Let’s say that my simple aim is to visualize 2.048 points (one point per core) all moving around the screen (I use Unity3D with DirectCompute). To do this, I assign one single point to one core and then perform some basic calculations to change the point position. My question is how to dispatch (or scale) groups (a.k.a blocks in CUDA) and threads to maxime the fps.
As far as I know, each group of threads is assigned to a SM, and (in the case of a NVIDIA 980) each SM can run simultaneously (in a single clock cycle) 128 tasks (4 WS’s x 32 threads each one). So, according the NVIDIA 980 architecture, my question is, which option do you think is better in terms of performance of FPS?
1- If I dispatch 16 groups (e.g. [4,4,1]), each one of 128 threads ([128,1,1]), then this will be done in 1 clock cycle, because each group will be run on one SM (and each one can run 128 tasks instantaneously). So, the 2048 tasks (16SM4WS32threads) are done once.
2- If I dispatch 8 groups (e.g. [4,2,1]), each one of 256 threads ([256,1,1]), then this will be done in 2 clock cycles, because each of the 8 groups will be run on 8 SM’s (and each one can run ‘only’ 128 tasks -of the 256- instantaneously). So, in the first clock cycle the 8 groups process 1024 tasks (8SM4WS32threads), and in the second cycle the remaining 1024 tasks are done. Total of 2 clock cycles.
Is this correct?
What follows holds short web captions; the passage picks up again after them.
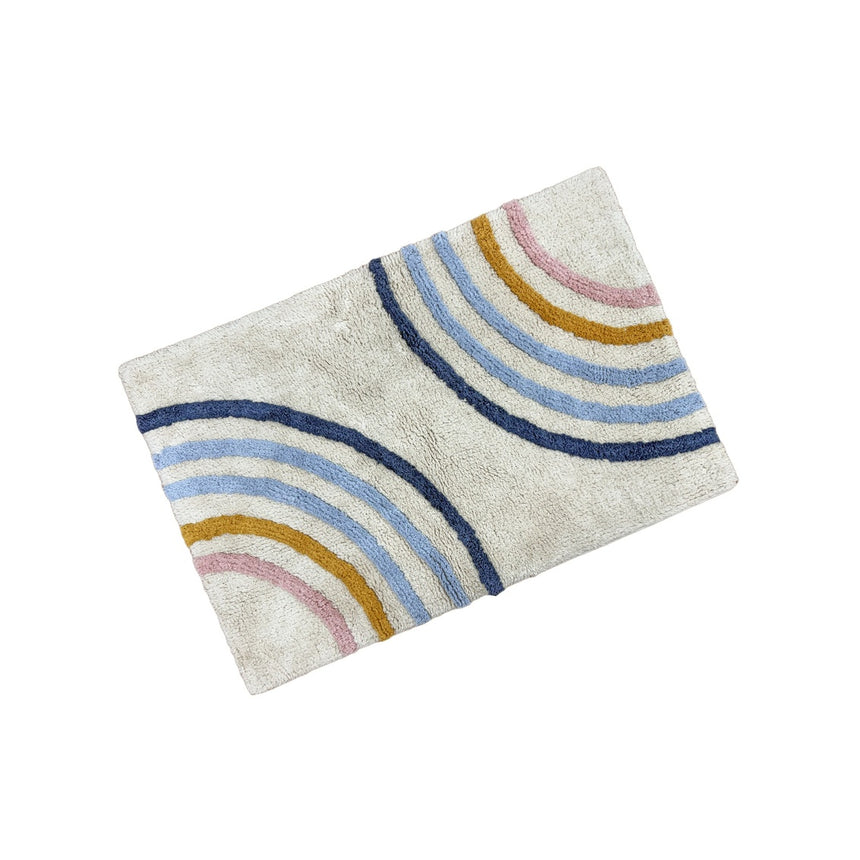 Moda Arcadia Bath Mat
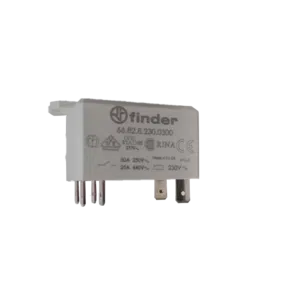 Relé de Potencia 2NA 30A  66.82.8.230.0300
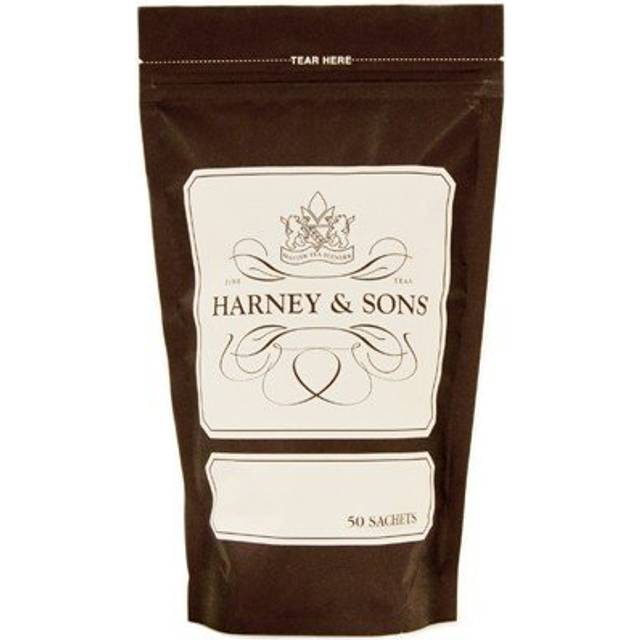 Harney & Sons HOLIDAY tea 50 count sachet bulk bag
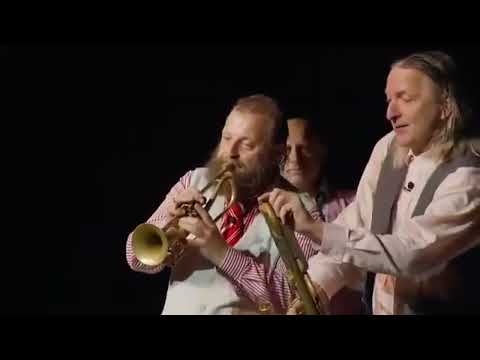 Mnozil Brass : My way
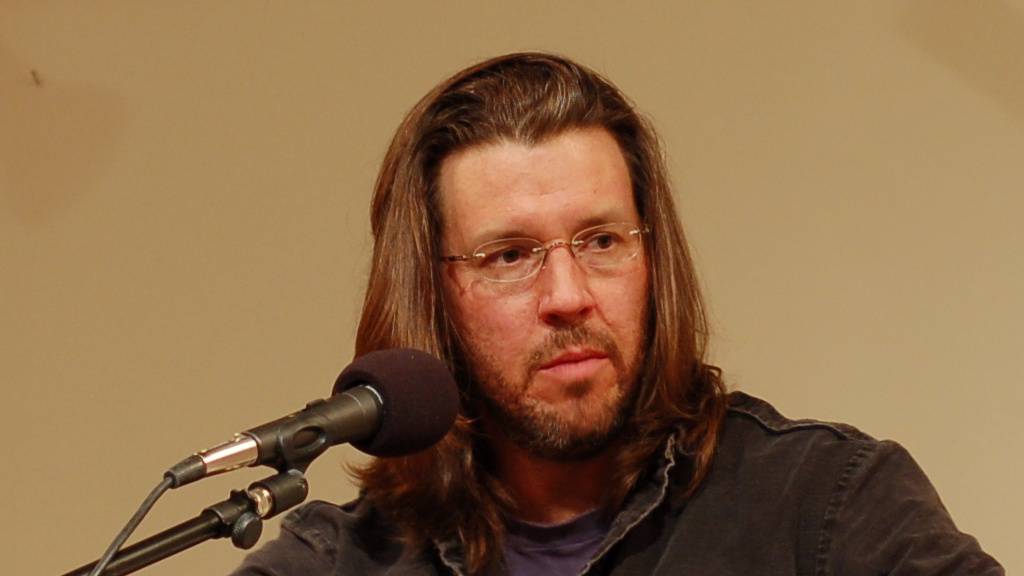 foster wallace photo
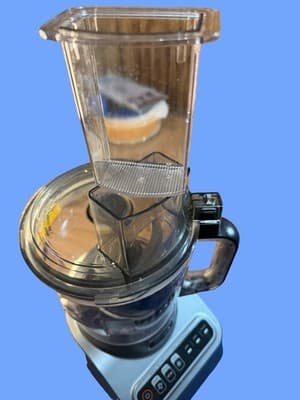 Ninja BN601 Professional Plus Food Processor 9-Cup Auto-iQ 1000W Tested Works - Thumbnail 9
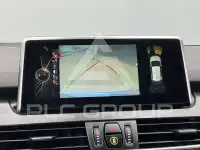 2017 BMW 218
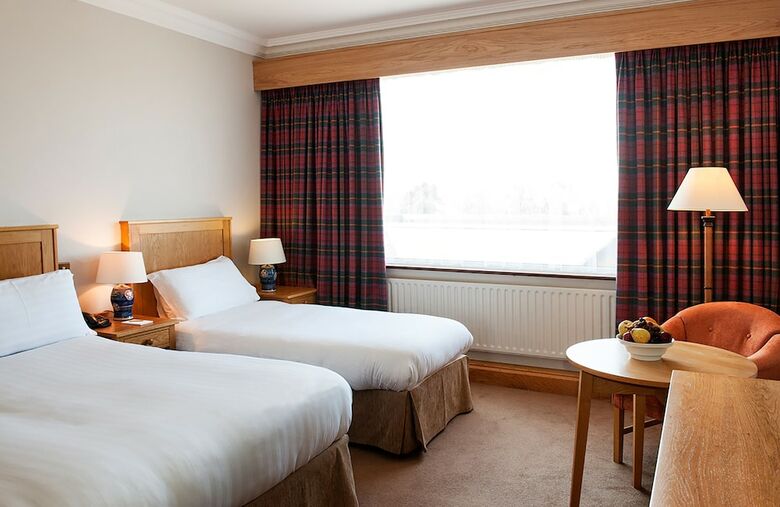 Renvyle House Hotel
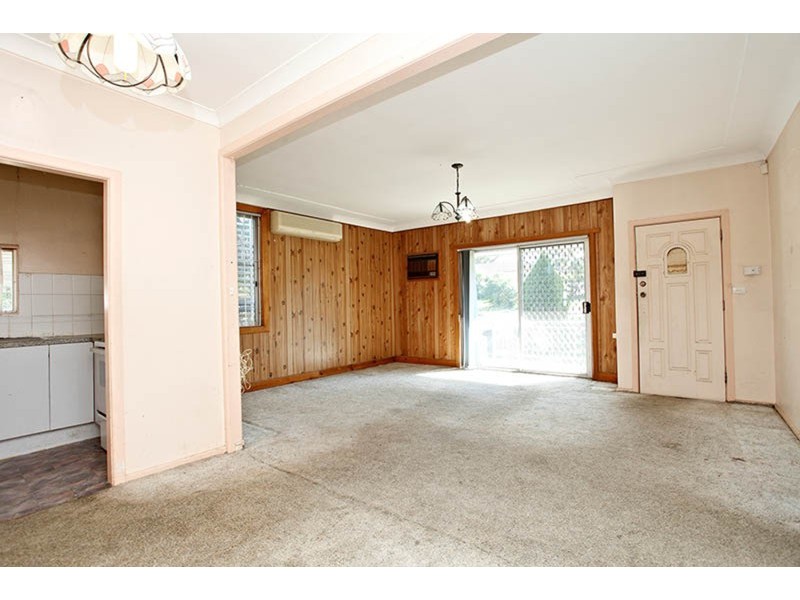 1 Gould  Street, Bankstown NSW 2200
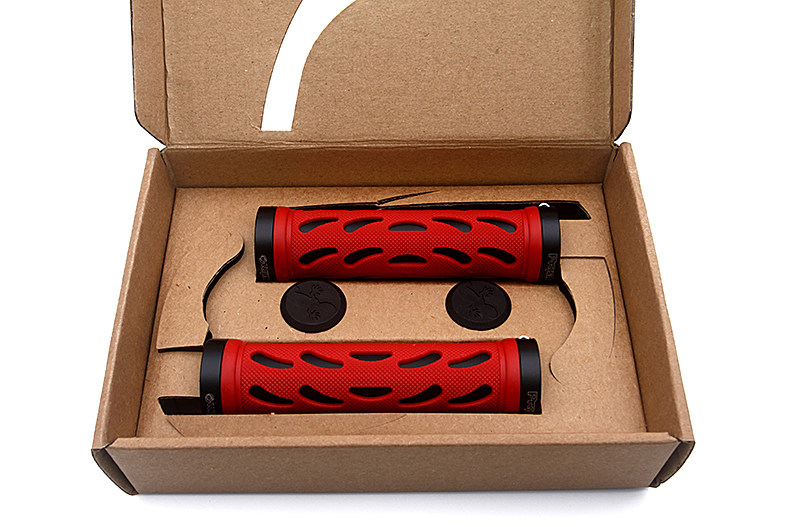 Poignées de vélo PROPALM - Ref 2340448 Image 13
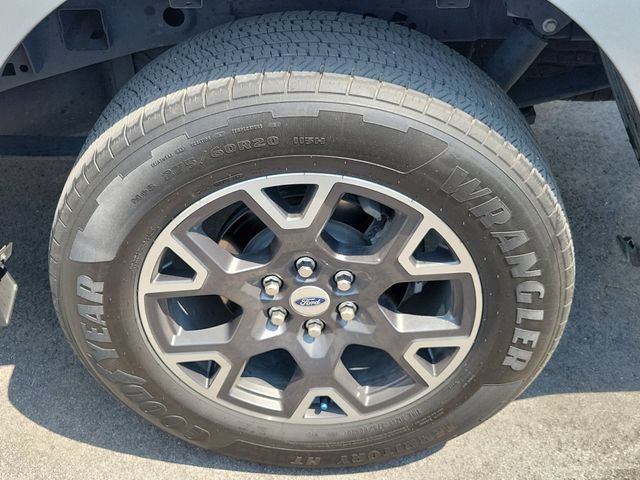 Used 2025 Ford F150 STX w/ Equipment Group 200A RWD image 6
Is the first option better in performance than the second one?
If yes, can I conclude that it is generally better to keep your SM’s all together working (in the case of NVIDIA 980 GTX, dispatch a number of groups multiple of 16), instead of dispatching a larger number of threads with less number of groups?
Thank you very much,
You’d be helping me a lot,